Local Author Talks Birds, Romance and Adoption In New Memoir

Melissa Hart with Bodhi the Barred Owl. Photo: Jonathan B. Smith.

As a journalism instructor at the UO, Eugene author Melissa Hart tells her students to write engaging beginnings to their stories. She followed her own recipe with her latest memoir, Wild Within: How Rescuing Owls Inspired a Family, which opens with her husband’s vasectomy.

Such begins a story about a quirky romance, rescued birds of prey and the process of adopting a child. Hart will read from her book at the UO’s Museum of Natural and Cultural History Oct. 28, along with local author Tom Titus.

“I’ve said on Facebook, it takes balls to be married to a memoirist,” Hart says. After the vasectomy, the narrative pushes back a few years to when Hart first met her husband at a dog park in Eugene.

Spirits dulled by a failed marriage and a gloomy Oregon winter, Hart finds renewal in the ponytailed, unibrowed Jonathan Smith, a photographer with a love for the Cascades Raptor Center.

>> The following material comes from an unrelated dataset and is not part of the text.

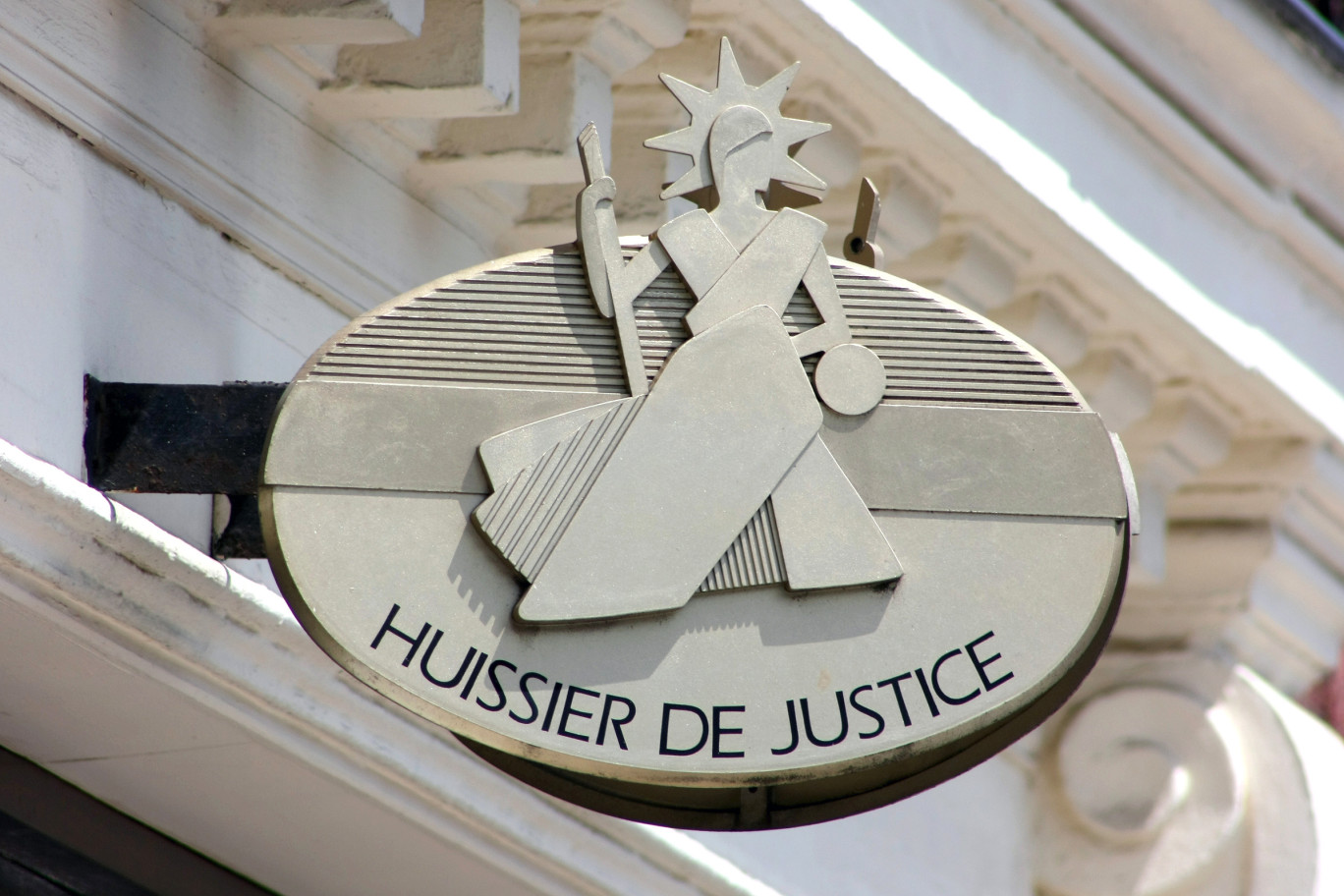 À l’instar d’autres professions du droit, les huissiers de justice ont été frappés de plein fouet par l’effondrement de l’activité économique et judiciaire provoqué par la crise sanitaire.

Together, their romance blossoms, along with their passion for raptors, and despite the vasectomy, they eventually realize that they want a child, launching the complex and often convoluted process of adoption.

Wild Within is Hart’s second memoir; the first was Gringa: A Contradictory Girlhood.

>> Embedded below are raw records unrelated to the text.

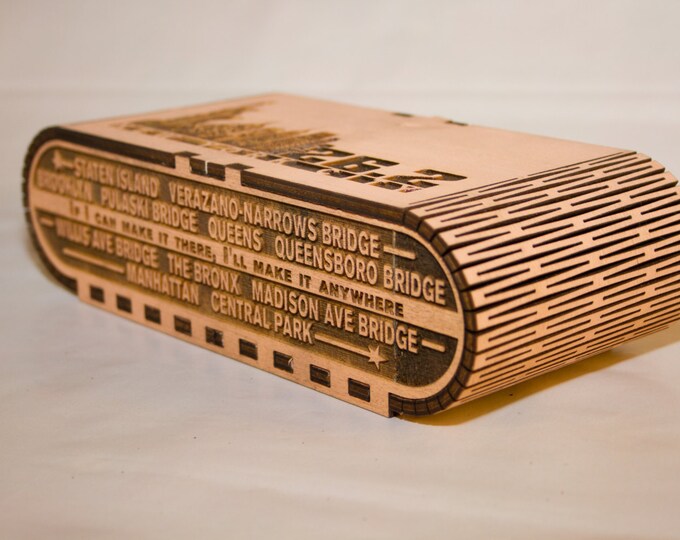 NYC Marathon Keepsake Box With Living Hinge New York City Landmarks - Etsy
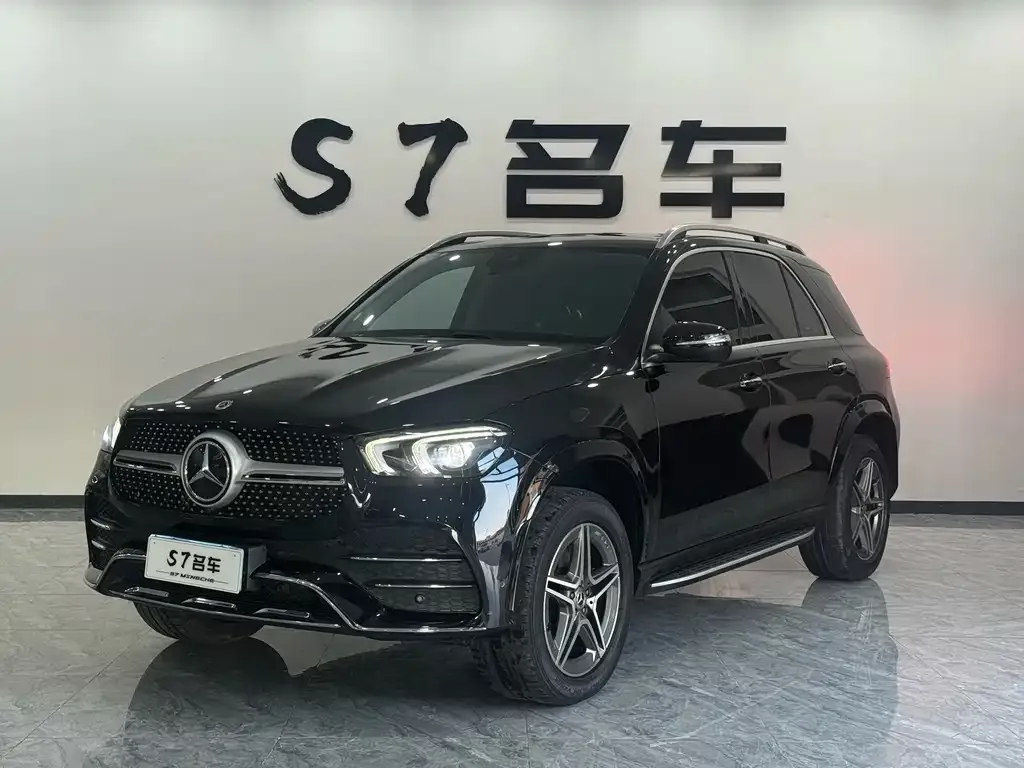 Mercedes-Benz GLE — фото 1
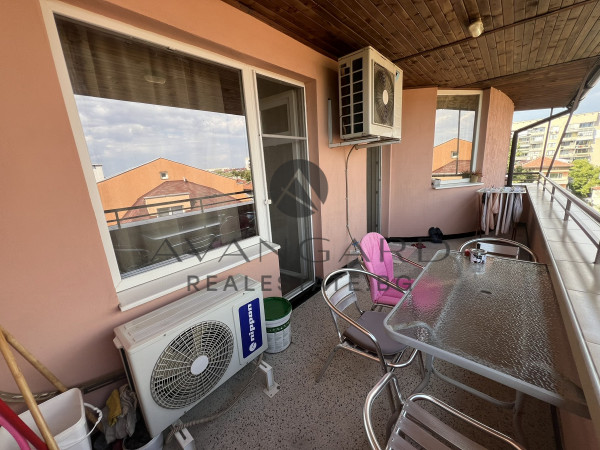 THREE-ROOM APARTMENT WITH GROUND-GROUND GARAGE NEAR THE CAMEL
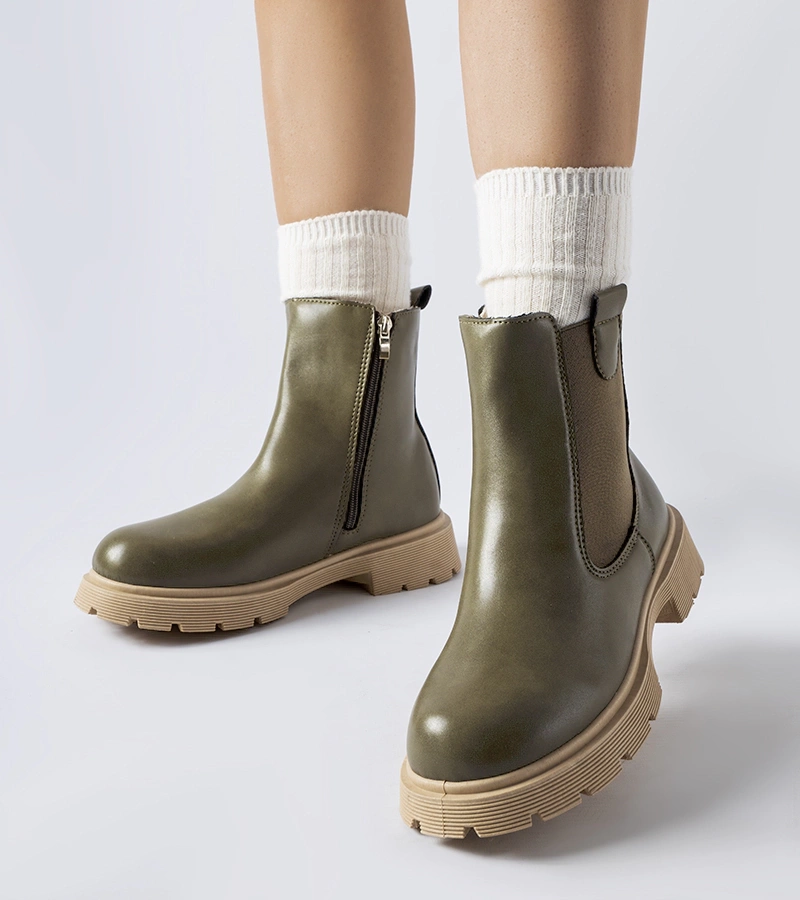 Grüne Stiefeletten auf beigefarbener Sohle von Giacinta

Gringa was published in 2009, and although I started working on this book soon after, it took almost five years to write,” Hart says. “My writing has gotten a lot more sophisticated and a lot less slapstick. With Gringa I was trying for a David Sedaris-type humor, but with a more sophisticated story, I learned how to weave twin narratives in.”

To write a book about raptors and adoptions, Hart says she studied writing that featured braided narratives and intersections of themes. On her book tour this year, Hart has shared her memoir expertise at bookshops along the West Coast, sometimes inviting raptor centers to bring birds to the reading.

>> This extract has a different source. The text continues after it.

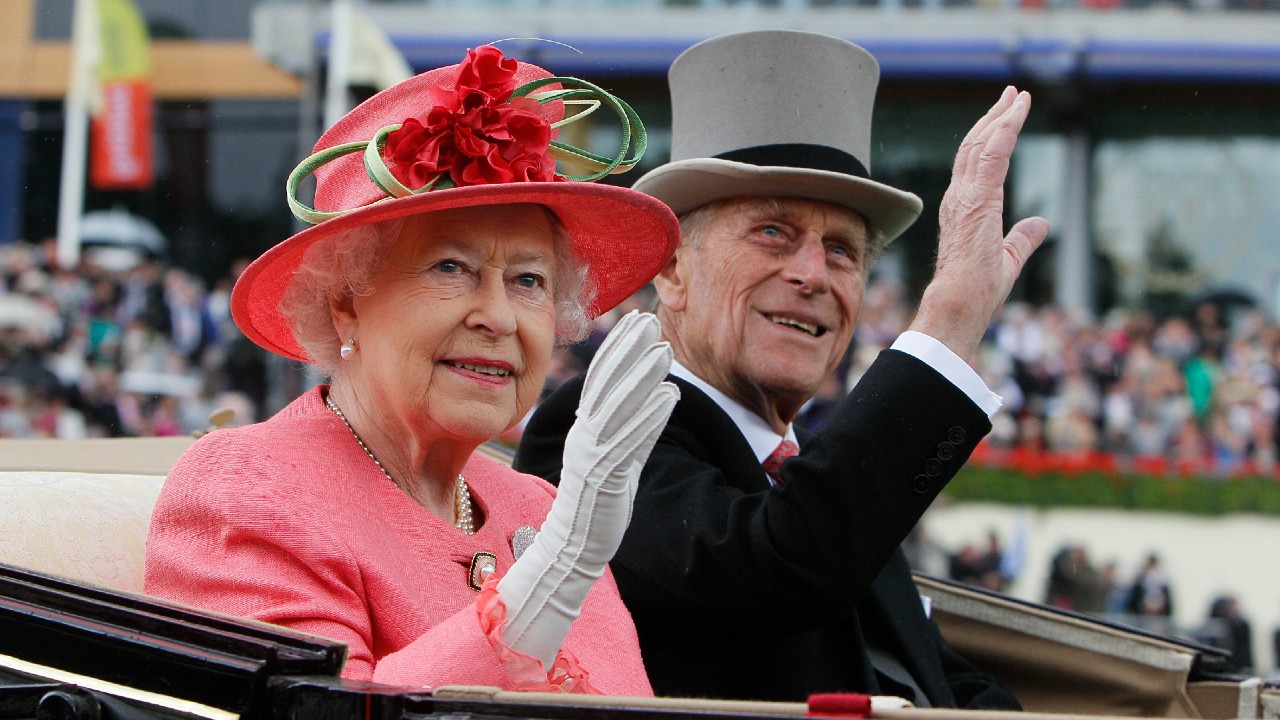 La reina Isabel II cumple 95 años sin su esposo ni celebraciones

Hart says she’s done with memoirs for a time, and she’s now working on a historical fiction novel about her great-grandparents who ran away to join the circus. “They married out of convenience so they could travel together,” she says, “and they went on the vaudeville circuit for years.” Entertaining, through prose or performance, must run in the family.

“Exploring Nature Writing with Melissa Hart and Tom Titus” is at 5 pm Tuesday, Oct. 28, at the UO Museum of Natural and Cultural History.

In other book news, check out Gregg Kleiner’s new children’s book, Please Don’t Paint Our Planet Pink!, exploring climate change and how different the world might be if people saw CO2 emissions as pink puffs. The book launch is at 3 pm Saturday, Oct. 25, at Grass Roots Books & Music in Corvallis.